Before you start investing, get rid of your debt
One may wonder as to how is debt related to investments. Actually there is a very subtle relationship. Most investors do not invest in lump-sum and they prefer to invest via systematic investment plans (SIP). That is because these SIPs give the benefit of rupee cost averaging and also give the added benefit of syncing with your sources of income flows. When you have too much of debt on your balance sheet, then your EMIs remain an overhang on your finances. Hence you are not able to commit yourself to regular investments in equities towards meeting your long term goals.
In the famous Shakespearean play, Hamlet, Polonius advises his son Laertes, “Neither a borrower nor a lender be; for loan oft loses itself and friend and borrowing dulls the edge of husbandry”. Be it households, businesses or economies; it is debt that normally takes these units to the brink of bankruptcy. Borrowings are part of our balance sheet and we borrow for buying a house or a car. But the problem is with reckless borrowing or high cost borrowing. If you are still paying 35% interest on your credit card or 20% on your personal loan then it is highly likely that you will create serious wealth issues. Your journey has to begin with reducing your debt so as to make your investing activity more meaningful and fruitful. One of the best ways of gradually reducing your debt and adding more power to your investments is through a process called laddering.

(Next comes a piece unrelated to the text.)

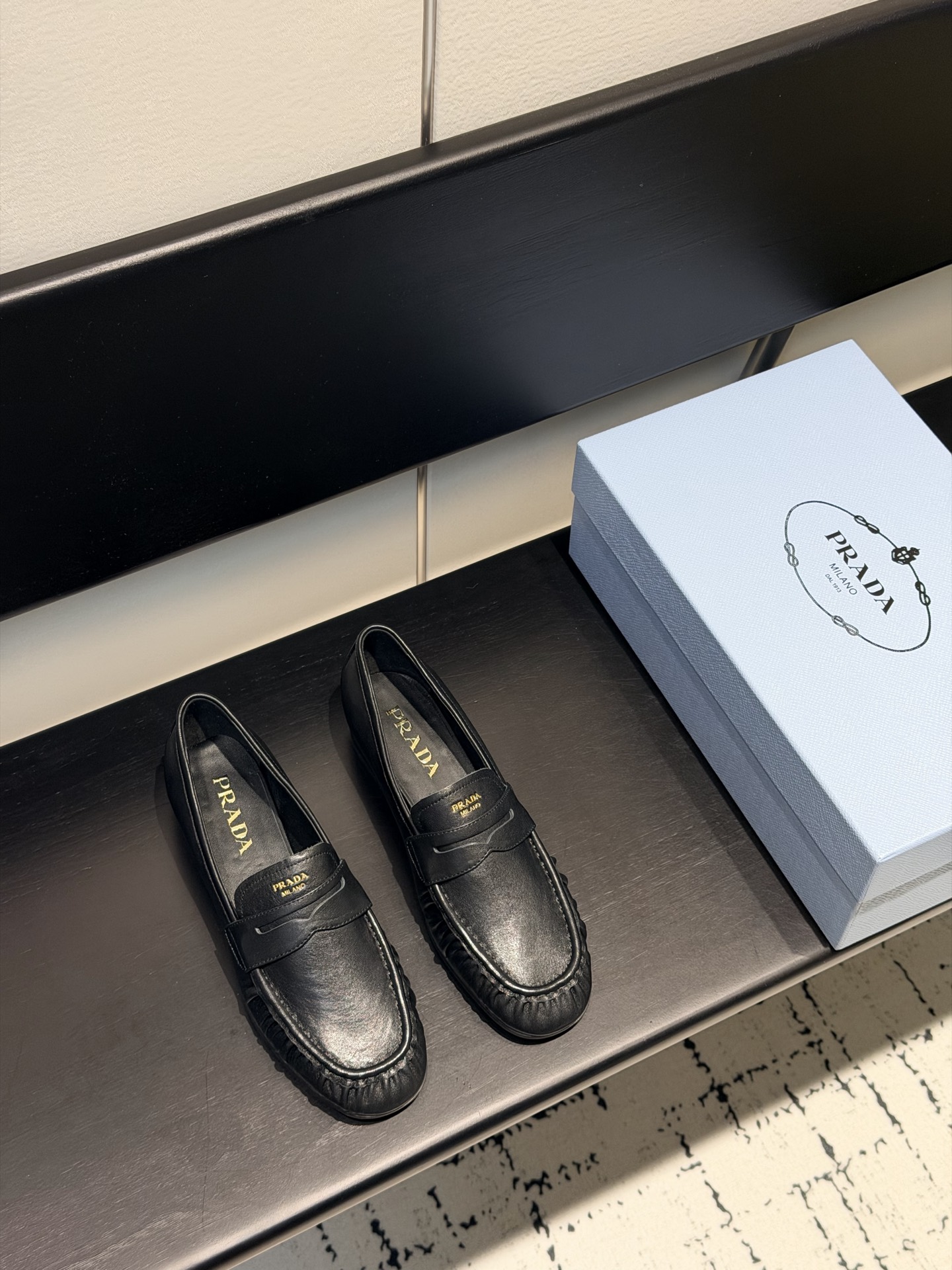 NO:817031,Prada's new model for 26 years P family lazy slip-on loafers. The gentleness of suede, the sharpness of calfskin, the retroness of oil-waxed leather, full of relaxation, can drive, commute and date. They can provide you with dignity in all occasions. Regular size: 35-39, custom-made 40.41, loafers, prada, prada, loafers, cowhide, chamois leather19860909Prada普拉达26年新款 P家懒人一脚蹬乐福鞋 麂皮的温柔,小牛皮的利落,油蜡皮的复古 ,松弛感拉满,能开车.能通勤.能约会 承包你所有场合的体面 正码:35-39订做40.41,乐福鞋,prada,prada,loafers,cowhide,chamois leather,Women's Shoes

How laddering helps manage debt and enhance investment capability
Laddering is essentially about prioritization. For example, you pay interest rate of nearly 3% per month on a credit and when annualized the costs are as high as 40%. If you have a fixed corpus with you, what should you do? You can earn 9% on debt funds, 12% on balanced funds or 14% on equity funds. Rather, if you use the funds to repay and close out your credit card, you save nearly 40% cost per annum. That is almost akin to an investment that yields 40% return per annum. That is why; when you start off on your financial plan and investment allocation, first have a plan to get out of debt and then think about growing wealth.

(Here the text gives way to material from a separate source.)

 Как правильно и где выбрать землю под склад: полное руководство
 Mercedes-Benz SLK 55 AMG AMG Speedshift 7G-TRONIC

But how do you go about laddering? There are some loans that are large in size and some that are linked to assets. Then there are loans like home loans and education loans which give you tax benefits on the interest paid. How do you prioritize and take a call in these circumstances. Here is the pecking order of laddering you must follow.
Start by reducing your credit card outstanding first…

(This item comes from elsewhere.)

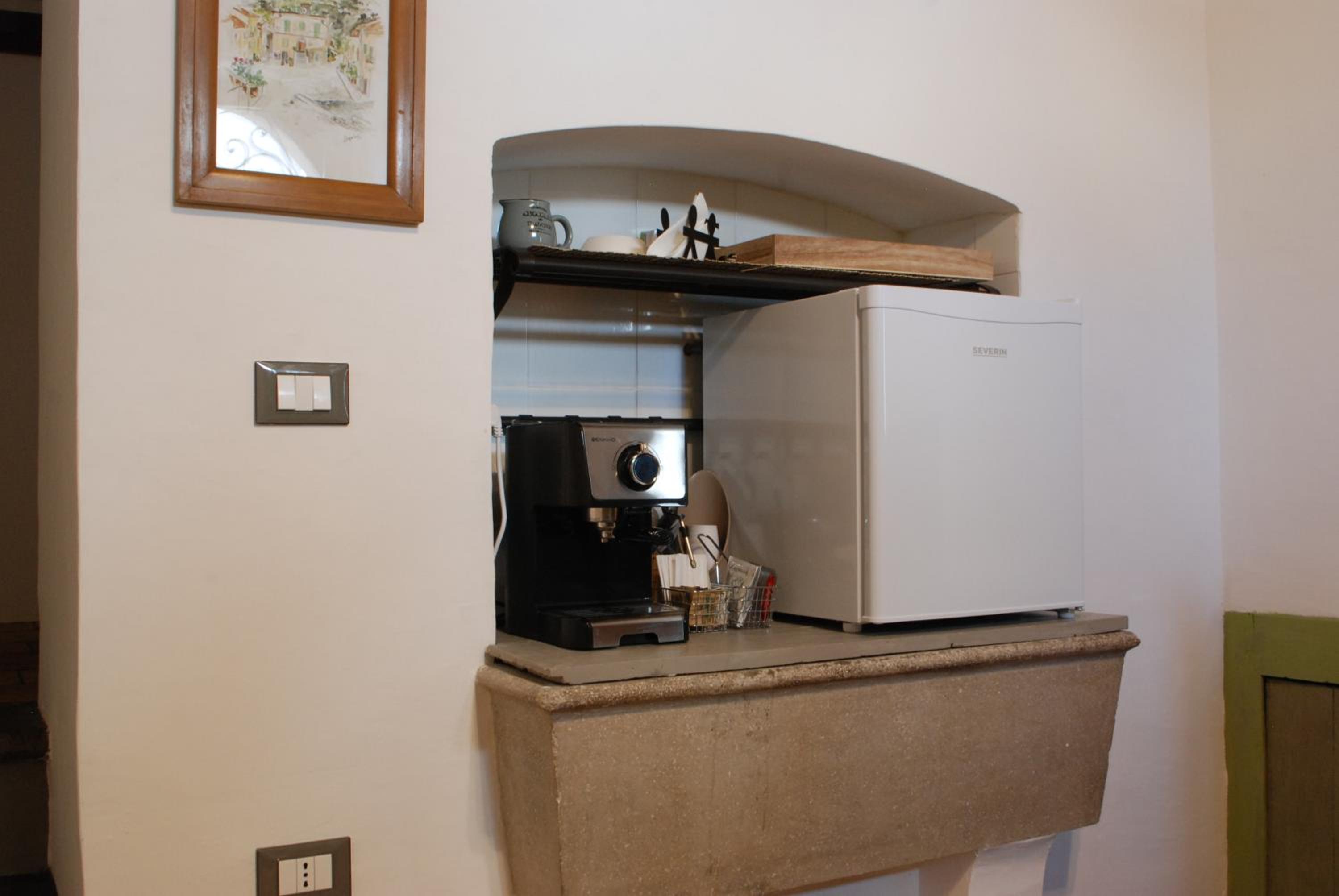 Deluxe Double Room with Extra Bed - Photo 10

A credit card costs you around 40% per annum so when you close your credit card you are effectively earning 40% annually. More importantly, you have a more certain corpus that you can fall back upon to plan your future investments. Paying 3% interest a month is hardly a smart way to manage your finances. Once you close your credit card outstanding, you not only save that outflow but you can invest your monies with lesser overhang of uncertainty.
Then target your personal loans…
Personal loans can be a stop gap arrangement but most people tend to use it for the full tenure. You can avoid that since these are fairly high cost loans. Personal loans cost between 16-18% and if you add up the other costs, they can go to 20%. Once your credit card dues are taken care of, the next step in the debt ladder is personal loans. You save the 20% interest cost and the EMI can now become a good EMI or a SIP investment. Don’t worry about exit loads as you can negotiate with your bank which is hungry for prompt repayments. Even assuming that you pay the exit load, you are better off without the loan.
You can look to tweak your home loan too; and why not?
Should you close a home loan if you have the liquidity? Interest on home loans gives you tax exemption under Section 24 of the Income Tax Act up to Rs.2 lakhs and the principal is also exempt under Section 80C. There are two things to watch out here. Firstly, there is no guarantee that the apartment you buy will appreciate in value, like it was 10-15 years back. Negative equity is a real threat to home loans. Secondly, apartments don’t come cheap. Your exemption limit of Rs.2 lakh is hardly enough to buy a 2 BHK apartment in smaller towns. Instead of paying EMIs that don’t give tax exemption you can repay what is not tax efficient and reduce your outflows. These can be directed towards your investments.
Debt can be a double edged sword in most cases. The quicker you get out of high cost debt, the better it is for a smooth investment journey.